La maiuscola non è un caso, lo spettacolo di Celestini ha al suo centro la testimonianza, il suo valore di verità. Vedere e testimoniare è, in sé, atto concreto e senza dubbio politico. Un uomo (sorta di Cristo sbronzo di pessima sambuca) racconta agli avventori di un bar quello che c’è fuori: la narrazione è strampalata, surreale, ma per chi lo ascolta è qualcosa di concreto, verosimile. Siamo noi, seduti in platea, gli avventori del bar e abbiamo avuto bisogno di un barbone sbronzo per capire che esistono i facchini del picchetto e le guardie che li caricano, che esiste il barbone, che esiste la vecchia o la donna con la testa “impicciata”. Gli avventori del bar non escono mai dal locale, vivono una realtà virtuale; il narratore è il testimone, che vede e racconta; terminata la storia, torna a casa e trova il suo coinquilino Pietro (il fisarmonicista Gianluca Casadei, ma la voce di questi è quella, registrata, di Alba Rohrwacher) e anche a lui narra quanto visto durante la giornata.

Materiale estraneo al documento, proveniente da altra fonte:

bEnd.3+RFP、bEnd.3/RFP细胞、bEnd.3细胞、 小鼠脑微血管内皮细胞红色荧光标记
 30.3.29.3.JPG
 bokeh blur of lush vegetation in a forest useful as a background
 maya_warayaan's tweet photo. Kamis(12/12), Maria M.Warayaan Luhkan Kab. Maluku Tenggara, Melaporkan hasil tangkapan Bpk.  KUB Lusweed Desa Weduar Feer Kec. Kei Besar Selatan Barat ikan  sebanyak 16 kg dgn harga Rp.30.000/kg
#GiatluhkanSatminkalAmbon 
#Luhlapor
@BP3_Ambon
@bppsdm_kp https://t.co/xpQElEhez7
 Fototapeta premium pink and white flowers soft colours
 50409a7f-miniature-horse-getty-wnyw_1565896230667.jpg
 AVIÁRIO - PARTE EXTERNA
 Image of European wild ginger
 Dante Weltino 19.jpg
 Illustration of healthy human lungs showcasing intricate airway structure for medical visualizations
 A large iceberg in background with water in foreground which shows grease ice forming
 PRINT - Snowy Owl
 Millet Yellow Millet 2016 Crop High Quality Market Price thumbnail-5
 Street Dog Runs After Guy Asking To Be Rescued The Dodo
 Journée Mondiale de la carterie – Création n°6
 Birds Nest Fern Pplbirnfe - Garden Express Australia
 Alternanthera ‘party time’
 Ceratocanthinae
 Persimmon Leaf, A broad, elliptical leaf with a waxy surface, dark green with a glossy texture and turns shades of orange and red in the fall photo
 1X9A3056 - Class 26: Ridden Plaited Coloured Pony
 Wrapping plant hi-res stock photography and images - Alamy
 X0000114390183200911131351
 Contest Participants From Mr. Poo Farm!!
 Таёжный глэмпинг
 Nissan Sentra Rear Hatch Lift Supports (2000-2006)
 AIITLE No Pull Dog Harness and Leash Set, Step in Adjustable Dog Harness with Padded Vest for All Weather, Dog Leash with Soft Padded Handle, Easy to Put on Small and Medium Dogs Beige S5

Dalle finestre del suo palazzo, il Testimone assiste alla carica della polizia nei confronti del picchetto in sciopero e del barbone, ma anche all’intervento velleitario della vecchia che cerca di frapporsi e ci rimette una costola e a quelllo della donna con la testa impicciata che si mette tra la polizia e i facchini e inizia a pregare. L’uomo, il narratore, non interviene, ma ha visto. La sera scende in strada e bussa alla porta di un altro personaggio: la prostituta. Nonostante la diffidenza della donna l’uomo riesce a parlarle, sa che anche lei ha visto la scena, anche lei è Testimone. «Signora, noi abbiamo assistito a un prodigio. Un cieco, una vecchia e una donna con la testa impicciata, tre persone nel cuore della notte sono scese in strada per salvare la vita a un barbone». Prodigio e testimonianza aver assistito e voler raccontare, condividere. Essere testimoni ci sbalza fuori dalla nostra indifferenza, ci salva dall’impotenza che avvertiamo di fronte alle ingiustizie. Un gesto ci permette di afferrare e ricordare le parole, il corpo e la voce dell’attore ci spingono fuori dal nostro bar personale.
Chiedo scusa se ci ho messo tre mesi a uscire dal mio palazzo per entrare nel “mio” bar e raccontare a mia volta la storia di un prodigio: quello di un attore, solo in proscenio, che con una mano ferma le guardie in assetto antisommossa e con l’altra tiene su la volta celeste.